Google Photos just announced that as of June 1, 2021, it is killing the unlimited free storage feature. A feature that had really set it apart from the competition. And a big reason why most people say "just use Google Photos" to back up their photos.
In its announcement today, Google said that original and high quality images will now count against your storage. Original has always counted it against it, unless you had a phone that had a special offer that gave it to you for free. But Google Photos allowed you to have unlimited high quality photos stored in your account. That's about to change next June though.
Google knew that this was coming though. Since users now upload 4.3 million GB to Gmail, Drive and Photos per day. Obviously, it's costly to store all of that content for Google, and thus it is passing down the costs to the consumers.
There's a flaw in Google saying it'll take three years to use the free 15GB of storage
Every Google users gets 15GB of storage that they can use for Gmail, Drive and Photos. But that's 15GB total, it's actually meant to equal about 5GB per service. And if you send or receive a lot of emails (and archive instead of delete), then that 15GB is going to go a lot faster than three years.
Google says around 80% of people will be able to use the 15GB of storage for three years before needing to upgrade. But what about after those three years? And you upgrade to the 100GB plan for $2/month. Yeah that's not a big cost, that's less than a cup of coffee at Starbucks. But you'll likely need to upgrade again a few years later, and the cycle continues.
It's going to be tough to tell customers that they now have to pay for something that used to be free.
Thankfully, Google has been improving Google One lately. Adding the Google VPN to its 2TB and higher plans. Fingers crossed that they follow Apple's lead and will bundle some of its other subscription services into Google One – like YouTube Music Premium for one.
Why was unlimited storage Google Photos best feature?
Unlimited storage really set Google Photos apart from the competition. Mainly because it meant that you could take as many photos as you wanted, and save them all to the cloud. Never having to worry about running out of storage. Since Google was optimizing them to use less storage.
As a phone reviewer (and I know this is a niche thing), I upload a lot of stuff to Google Photos. Screenshots for reviews, photo samples, video samples, and much more. Which means that this storage is going to go really quickly for me. And I'll need to be more particular about deleting stuff afterwards.
Other services, like iCloud Photos, everything counts against your limit, and they don't even try to optimize your photos. So at least Google is optimizing them to use less storage? And that's where Google stood apart, with unlimited storage. I have tens of thousands of photos and videos in Google Photos, which likely take up close to a terabyte already. Once this change takes place next June, I'll have to make sure I delete duplicate photos, and blurry ones.
Gone are the days of just uploading everything to Google Photos and being able to go back through your memories to see what you did this time last year, or three years ago.

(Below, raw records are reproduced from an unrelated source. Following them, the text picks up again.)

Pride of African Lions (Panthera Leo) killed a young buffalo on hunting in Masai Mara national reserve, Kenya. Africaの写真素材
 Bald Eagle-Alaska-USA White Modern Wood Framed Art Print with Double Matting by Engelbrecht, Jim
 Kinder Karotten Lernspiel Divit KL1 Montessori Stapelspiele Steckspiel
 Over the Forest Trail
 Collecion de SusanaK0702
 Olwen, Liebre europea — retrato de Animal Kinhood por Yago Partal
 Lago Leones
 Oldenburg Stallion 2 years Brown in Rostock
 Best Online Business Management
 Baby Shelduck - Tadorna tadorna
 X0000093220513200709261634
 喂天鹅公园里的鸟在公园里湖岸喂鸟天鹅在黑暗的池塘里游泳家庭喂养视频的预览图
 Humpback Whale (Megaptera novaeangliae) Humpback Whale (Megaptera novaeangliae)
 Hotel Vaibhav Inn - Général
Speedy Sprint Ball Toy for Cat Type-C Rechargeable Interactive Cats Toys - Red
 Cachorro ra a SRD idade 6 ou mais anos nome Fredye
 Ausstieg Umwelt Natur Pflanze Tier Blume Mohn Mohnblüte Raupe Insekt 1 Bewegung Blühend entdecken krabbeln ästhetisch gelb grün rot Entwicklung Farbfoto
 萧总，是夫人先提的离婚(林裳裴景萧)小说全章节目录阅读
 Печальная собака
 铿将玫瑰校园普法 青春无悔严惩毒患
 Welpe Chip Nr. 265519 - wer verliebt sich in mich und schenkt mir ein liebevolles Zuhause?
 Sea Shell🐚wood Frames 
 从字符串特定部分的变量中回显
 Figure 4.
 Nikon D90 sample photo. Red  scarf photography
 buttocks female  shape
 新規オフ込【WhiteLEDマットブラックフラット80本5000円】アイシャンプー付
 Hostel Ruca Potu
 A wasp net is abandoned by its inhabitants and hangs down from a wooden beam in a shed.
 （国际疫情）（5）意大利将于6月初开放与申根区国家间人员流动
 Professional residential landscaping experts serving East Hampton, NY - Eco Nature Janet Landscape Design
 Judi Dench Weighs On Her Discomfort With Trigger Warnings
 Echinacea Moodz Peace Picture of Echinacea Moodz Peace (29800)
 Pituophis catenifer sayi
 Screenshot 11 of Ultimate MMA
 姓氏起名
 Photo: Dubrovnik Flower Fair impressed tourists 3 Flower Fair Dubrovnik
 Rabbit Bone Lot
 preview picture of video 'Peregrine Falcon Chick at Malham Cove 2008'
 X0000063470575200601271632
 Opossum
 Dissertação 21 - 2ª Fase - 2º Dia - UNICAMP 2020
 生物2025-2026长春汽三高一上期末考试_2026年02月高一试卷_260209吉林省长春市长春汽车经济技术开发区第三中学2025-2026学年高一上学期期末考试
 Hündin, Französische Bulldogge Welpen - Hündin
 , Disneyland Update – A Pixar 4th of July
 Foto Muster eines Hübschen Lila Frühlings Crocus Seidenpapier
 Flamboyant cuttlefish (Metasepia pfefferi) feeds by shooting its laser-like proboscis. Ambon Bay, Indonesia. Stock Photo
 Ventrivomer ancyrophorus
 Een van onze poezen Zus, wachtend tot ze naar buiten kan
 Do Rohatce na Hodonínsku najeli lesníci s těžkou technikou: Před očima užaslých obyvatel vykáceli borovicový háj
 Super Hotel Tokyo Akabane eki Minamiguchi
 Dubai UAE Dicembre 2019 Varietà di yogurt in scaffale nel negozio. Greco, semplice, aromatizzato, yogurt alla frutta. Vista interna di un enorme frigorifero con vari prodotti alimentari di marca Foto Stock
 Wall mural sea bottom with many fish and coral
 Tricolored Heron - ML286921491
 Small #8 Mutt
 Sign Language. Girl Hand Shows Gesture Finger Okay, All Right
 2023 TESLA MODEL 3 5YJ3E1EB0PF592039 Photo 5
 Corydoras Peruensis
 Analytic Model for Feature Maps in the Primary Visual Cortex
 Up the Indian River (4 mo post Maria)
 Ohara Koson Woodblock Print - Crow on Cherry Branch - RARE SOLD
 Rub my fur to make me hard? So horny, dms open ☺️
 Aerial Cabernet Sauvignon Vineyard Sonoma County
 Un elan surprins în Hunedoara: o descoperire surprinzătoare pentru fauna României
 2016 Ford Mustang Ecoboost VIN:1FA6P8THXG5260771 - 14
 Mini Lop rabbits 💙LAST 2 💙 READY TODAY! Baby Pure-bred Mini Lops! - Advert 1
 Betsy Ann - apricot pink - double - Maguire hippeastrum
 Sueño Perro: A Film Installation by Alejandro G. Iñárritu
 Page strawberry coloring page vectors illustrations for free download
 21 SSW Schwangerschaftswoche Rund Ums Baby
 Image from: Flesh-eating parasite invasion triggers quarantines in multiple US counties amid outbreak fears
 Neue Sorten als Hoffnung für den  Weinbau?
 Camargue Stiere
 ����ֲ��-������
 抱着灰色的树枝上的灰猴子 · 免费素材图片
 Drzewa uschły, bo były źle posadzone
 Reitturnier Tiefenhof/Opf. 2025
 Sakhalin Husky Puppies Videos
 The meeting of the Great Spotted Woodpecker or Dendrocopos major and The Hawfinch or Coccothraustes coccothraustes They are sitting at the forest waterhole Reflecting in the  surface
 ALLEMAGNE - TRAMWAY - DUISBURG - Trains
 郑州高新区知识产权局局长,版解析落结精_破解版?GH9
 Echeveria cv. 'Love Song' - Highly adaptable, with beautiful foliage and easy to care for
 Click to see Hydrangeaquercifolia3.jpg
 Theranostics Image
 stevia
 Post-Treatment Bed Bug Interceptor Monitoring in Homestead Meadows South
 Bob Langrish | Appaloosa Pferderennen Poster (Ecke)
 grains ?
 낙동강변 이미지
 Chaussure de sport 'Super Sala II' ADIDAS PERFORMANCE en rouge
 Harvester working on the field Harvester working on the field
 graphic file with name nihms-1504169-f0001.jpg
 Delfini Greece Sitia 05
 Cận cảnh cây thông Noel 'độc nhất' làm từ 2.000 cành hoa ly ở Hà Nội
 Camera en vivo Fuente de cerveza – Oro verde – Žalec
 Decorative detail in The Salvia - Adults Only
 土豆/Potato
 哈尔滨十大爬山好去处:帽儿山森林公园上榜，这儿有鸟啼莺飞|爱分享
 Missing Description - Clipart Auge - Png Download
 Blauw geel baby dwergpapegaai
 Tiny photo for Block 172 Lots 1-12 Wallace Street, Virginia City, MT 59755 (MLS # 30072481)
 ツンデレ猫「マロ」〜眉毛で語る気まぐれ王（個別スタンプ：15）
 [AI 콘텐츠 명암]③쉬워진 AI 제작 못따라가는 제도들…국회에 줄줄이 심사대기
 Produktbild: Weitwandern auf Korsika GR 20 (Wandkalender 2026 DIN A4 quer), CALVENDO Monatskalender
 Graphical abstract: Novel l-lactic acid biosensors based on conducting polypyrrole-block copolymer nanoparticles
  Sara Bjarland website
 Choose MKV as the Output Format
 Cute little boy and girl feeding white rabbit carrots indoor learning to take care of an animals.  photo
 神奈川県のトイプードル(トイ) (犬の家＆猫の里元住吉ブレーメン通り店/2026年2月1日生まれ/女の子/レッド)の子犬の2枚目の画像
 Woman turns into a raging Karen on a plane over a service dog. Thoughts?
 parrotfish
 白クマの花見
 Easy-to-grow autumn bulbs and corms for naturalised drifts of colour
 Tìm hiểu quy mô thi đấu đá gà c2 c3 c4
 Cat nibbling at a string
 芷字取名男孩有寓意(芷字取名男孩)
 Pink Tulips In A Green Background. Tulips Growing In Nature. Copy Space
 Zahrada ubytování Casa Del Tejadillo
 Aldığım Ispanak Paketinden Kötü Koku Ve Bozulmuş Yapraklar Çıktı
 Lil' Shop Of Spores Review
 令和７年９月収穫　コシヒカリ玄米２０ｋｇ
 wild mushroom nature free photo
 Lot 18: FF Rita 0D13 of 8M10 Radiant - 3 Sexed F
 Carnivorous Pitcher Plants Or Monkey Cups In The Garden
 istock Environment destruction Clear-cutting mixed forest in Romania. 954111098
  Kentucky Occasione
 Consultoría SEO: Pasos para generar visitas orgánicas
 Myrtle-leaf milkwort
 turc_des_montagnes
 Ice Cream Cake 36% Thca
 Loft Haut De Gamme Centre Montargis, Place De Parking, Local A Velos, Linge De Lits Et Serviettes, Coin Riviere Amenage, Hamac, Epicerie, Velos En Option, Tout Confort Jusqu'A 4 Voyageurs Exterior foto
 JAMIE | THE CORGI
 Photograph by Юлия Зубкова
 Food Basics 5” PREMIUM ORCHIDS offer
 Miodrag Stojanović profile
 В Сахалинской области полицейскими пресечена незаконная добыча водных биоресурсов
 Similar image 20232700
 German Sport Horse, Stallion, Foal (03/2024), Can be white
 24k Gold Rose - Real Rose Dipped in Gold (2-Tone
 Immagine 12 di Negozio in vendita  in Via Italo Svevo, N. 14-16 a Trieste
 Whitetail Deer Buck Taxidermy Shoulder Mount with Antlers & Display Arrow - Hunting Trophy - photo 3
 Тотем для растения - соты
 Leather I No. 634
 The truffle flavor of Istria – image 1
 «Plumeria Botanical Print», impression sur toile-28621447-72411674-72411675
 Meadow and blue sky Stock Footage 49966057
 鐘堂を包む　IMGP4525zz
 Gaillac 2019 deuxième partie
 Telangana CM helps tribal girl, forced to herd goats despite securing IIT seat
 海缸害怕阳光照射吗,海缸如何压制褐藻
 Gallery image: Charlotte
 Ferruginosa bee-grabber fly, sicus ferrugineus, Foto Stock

Google Photos does have some other really cool features that we all love. Like its animations and collages that it will make automatically for you. There's also some new features that launched with the Pixel 5 this year, where it can make any photo of a person, into a portrait mode shot. With some nice bokeh. But those were mostly just nice additions to Google Photos and its unlimited storage.
It was inevitable, but still hurts
According to Google, its users are uploading 4.3 million GB of data to Gmail, Drive and Photos every day. That's a ton of data (but per user, it's very little, remember Photos has over a billion users). And that kind of data is not cheap to host. Google is a cloud storage company, but they do have to draw the line somewhere.
Google has slowly but surely gotten away from offering everything for free and off-setting the costs with ads. And it really started years ago with Google Drive, when they started offering storage plans. And then continued with Google One a couple years ago. Where it combined all three services together for storage.
A company has to make money, and we understand that, but this one really hurts Google. Photos is probably the service (outside of Gmail) that I use the most, and will probably cost me the most.
What alternatives are available?
Alternatives to Google Photos are pretty slim. iCloud Photos is really not an option for Android users, since there's no app for Android. There is Amazon Photos, which has similar pricing. It only offers two plans that are paid, which is 100GB for $1.99/month or 1TB for $6.99 per month. For what it's worth, Google Photos does not offer 1TB, it goes from 200GB to 2TB. However if you are a Prime member, then Amazon Photos is unlimited, with 5GB of video storage available.
Other options include Dropbox and Box. Which are actually file-storage apps, but there are photo auto-upload features available for both. Pricing is also very similar. Dropbox offers a paltry 2GB for free, and you can upgrade to 2TB for $9.99 per month. Box is a bit more confusing. You get 10GB for free. But you can only upgrade to 100GB for $10/month. However, it's business accounts offer unlimited storage starting at $15/month.
In short, the alternatives for Google Photos aren't good. And honestly, when this change happens next year, a lot of people are likely to go back to storing their photos on physical hardware like SSDs that they might have laying around.